Though the starters are slightly underwhelming, the grilled pizza makes the adventure downtown worthwhile. Unfortunately, you cannot order half-and-half pies, but you can choose from the selection of about eight pizzas. The cherry tomato pie features thick slices of mozzarella with juicy tomatoes and ample olive oil. Per Italian tradition, the pizza comes uncut, though the freshness of the crust ensures this is far from a hassle. If anything, the excitement of digging into your own pie enhances the experience.

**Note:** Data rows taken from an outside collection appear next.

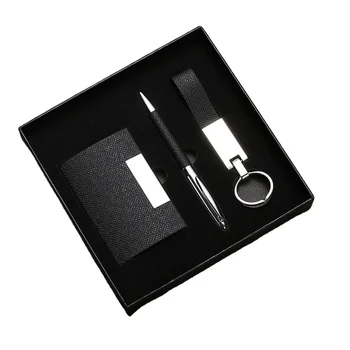 Cheap promotional items 3 in 1 card holder + pen + Key chain giveaways promotional gift set corporate gifts set luxury xmas gift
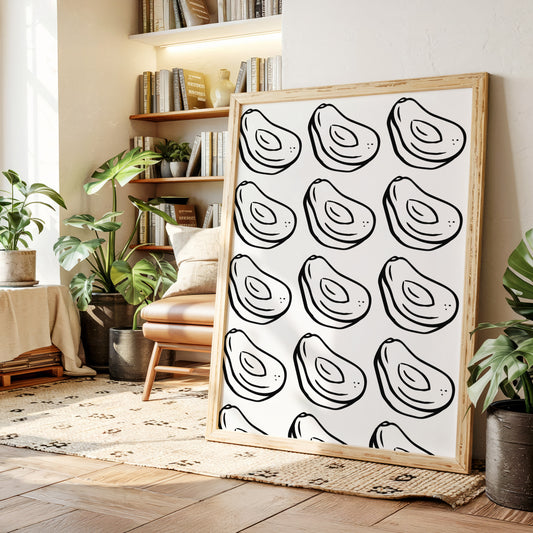 Avacado Dance In Black Lines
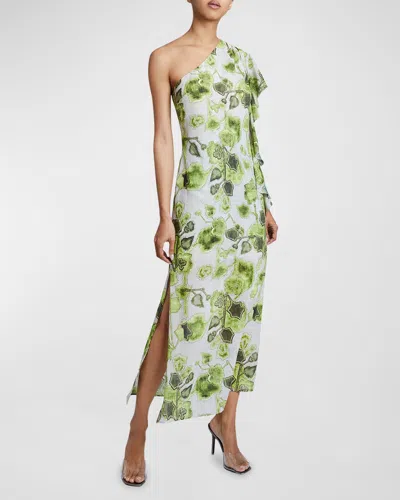 Santorelli Luna One-shoulder Floral-print Midi Dress In Moss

The crust is thick and chewy, grilled perfectly so that its smokiness complements the sweetness of the tomatoes. The mozzarella, enhanced with sea salt, garlic and olive oil, is packed with flavor. The pizza proves too oily, but the richness of the oil does not overwhelm the subtle savoriness of the mozzarella or the juicy tomatoes. At the end of the meal, the last of the pizza crust is perfect to sop up the remaining olive oil for a post-meal treat. The pies come big, so if you’re looking to save a little dough, sharing is definitely feasible.

To finish the meal, the cheese and truffle dessert plate is served simply with a shortbread cookie, marmalade, two truffles and chunks of Gorgonzola cheese. The crunchy cookie pairs nicely with the tangy marmalade, and it is refreshing to finish the meal with the subtle sweetness of truffles coated in cocoa powder. This is the only dessert option at the restaurant, so if you have a more aggressive sweet tooth, you might want to hold off until your midnight frozen yogurt run.

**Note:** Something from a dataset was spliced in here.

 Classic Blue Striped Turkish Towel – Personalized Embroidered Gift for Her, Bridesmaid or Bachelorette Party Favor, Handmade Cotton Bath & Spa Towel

Figidini also offers a varied selection of local Providence-brewed beers, which — though a bit pricey — prove a nice break from Natty Lights. The restaurant offers Marzen of Revival Brewing Company or — if you are looking for a hoppier brew — the Mercy Brown by Trinity Brewhouse.

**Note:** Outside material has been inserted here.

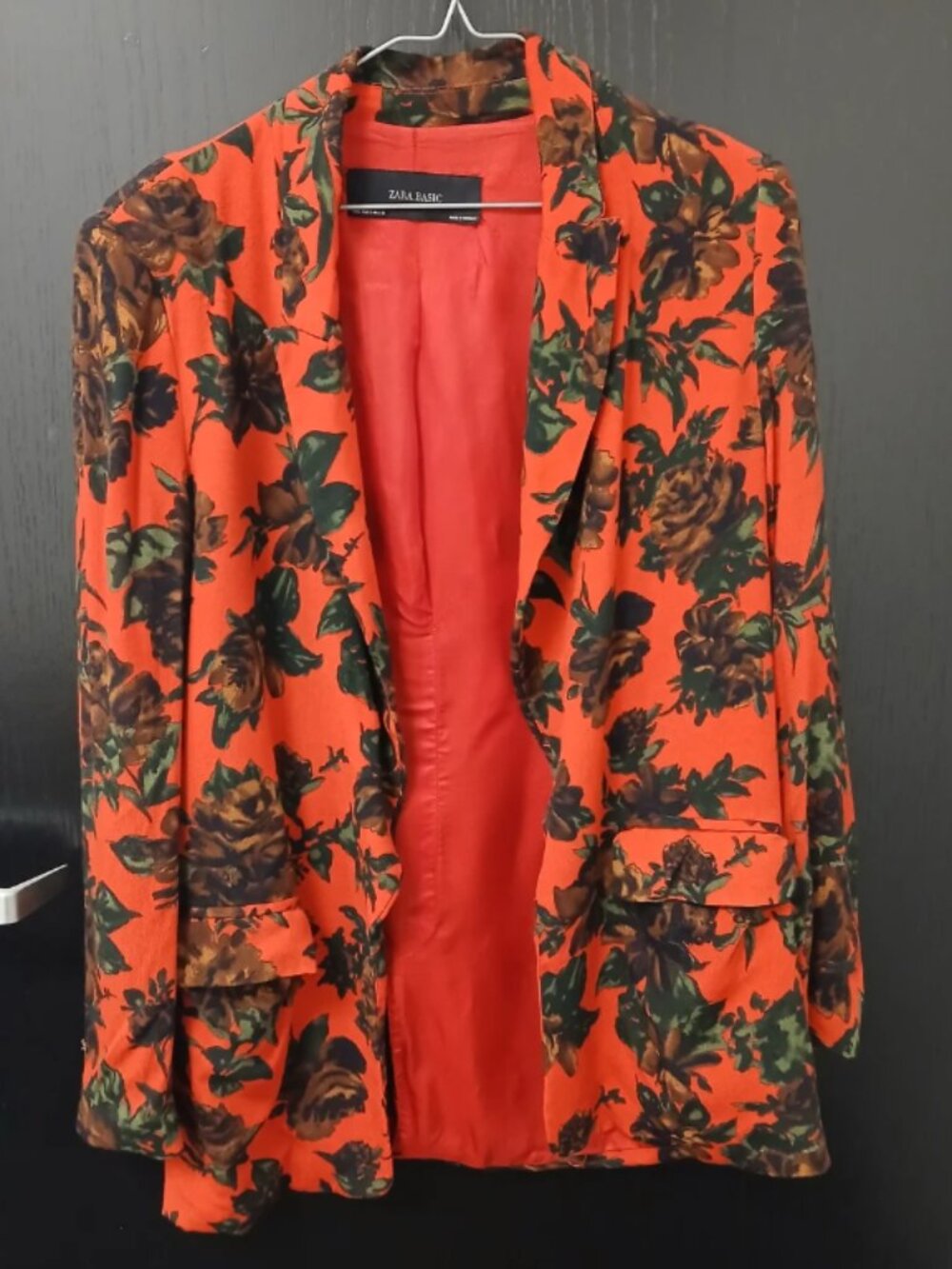 Zara Red Floral Business Casual Open Front Blazer With Pockets Size Small (S)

For those seeking an off-the-hill reprieve from their studies, Figidini has an upbeat yet cozy atmosphere and efficient service. Situated right off Kennedy Plaza, it’s easily reached by bus, a must for students trekking through these wintry conditions. Pizza aside, drinks and appetizers can push the bill to well over $60 ­— but it’s a fun way to eat away the stress of shopping period if you are willing to throw down a few extra dollars for a great pie.

 

Figidini Wood Fire Grill. 67 Washington St. Tuesday to Thursday, 11:30 a.m. – 10 p.m. Friday and Saturday, 11:30 a.m. – 11 p.m. Closed Sundays and Mondays. No reservations accepted. 401.808.6886. figidini.com.

  • Alex

    These pizzas are not grilled. It’s an oven at a 1000 degrees turning out true Neapolitan pies. However there is a wood fire grill serving up meats, veggies and seafood.

    • Alex

      Also…the Mercy Brown is from Revival and the Märzen is a beer from Germany…Aecht Schlenkerla Rauchbier-Märzen. Sorry…I’ve been here many times and know the owners would appreciate the clarification of their products in your review.

      • Alealex

        Pretty sure they offer a different dessert each night…from a kitchen only using solid fuel as a heat source, I can honestly say, I have had some pretty unique and creative desserts here. So all in all…I would do better research as a future journalist before posting a review.